Fan theories are a fun diversion. They offer long-time enthusiasts of a movie, book or TV show a chance to take a second look at an established property. You get to reexamine a franchise you’ve experienced a thousand times in a whole new way. The problem comes when we forget that fan theories are just that: fan theories, and should not be looked at as the official interpretation of the franchise. There is a French philosophy that argues that the viewer of an art piece has the right to interpret it however he chooses, even if the interpretation differs wildly from the intended meaning of the painter. This is the genesis of “fan theory” and it’s not a philosophy I subscribe to. As far as I’m concerned, the piece is whatever the creator intended and any opinions I may have about the piece is just my opinion and doesn’t really matter.
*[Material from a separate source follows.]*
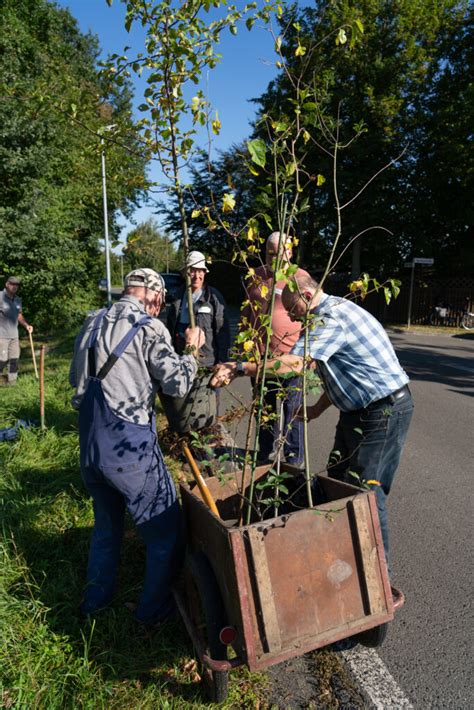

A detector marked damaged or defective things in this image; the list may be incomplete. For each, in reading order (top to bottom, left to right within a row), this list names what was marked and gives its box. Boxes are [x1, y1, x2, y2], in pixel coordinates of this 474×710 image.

rusty garden cart [174, 464, 400, 704]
If you’re not down with that, then this article will probably mean little to you.
Recently there has been circulated a fan theory that seeks to explain why the heroes of Star Wars never seem to be in any real threat by the forces of the Empire. Remember the famous scene in A New Hope, when Luke and Leia swing across the chasm (complete with “good luck” kiss on the cheek)? Several Stormtroopers on a higher level rain blaster fire down upon the heroes as they prepare to make their swing, but never does a shot come anywhere close to the heroes. On the other hand, Leia’s aim is perfect and she nails several troopers square in the chest.
Obviously, it’s a movie. That’s it. That’s the explanation. The heroes have better aim than the villains because the villains are expendable whereas the heroes are not. It’s a movie. The only time the heroes get hurt is when the plot demands it. Then, and only then, do the villains suddenly turn into the ruthless killing machines the heroes make them out to be. That’s the way it is in movies. It’s the magic of movies, if you will, that all cinema-goers subconsciously accept. It’s part of the suspension of disbelief we go along with in order to enjoy the film.
Star Wars fans, however, are a notoriously loyal and zealous bunch. Many refuse to see any problem with the movies, especially the Original Trilogy, so any flaw—no matter how small—is either dismissed or, in the case of this fan theory, is explained away with faulty logic.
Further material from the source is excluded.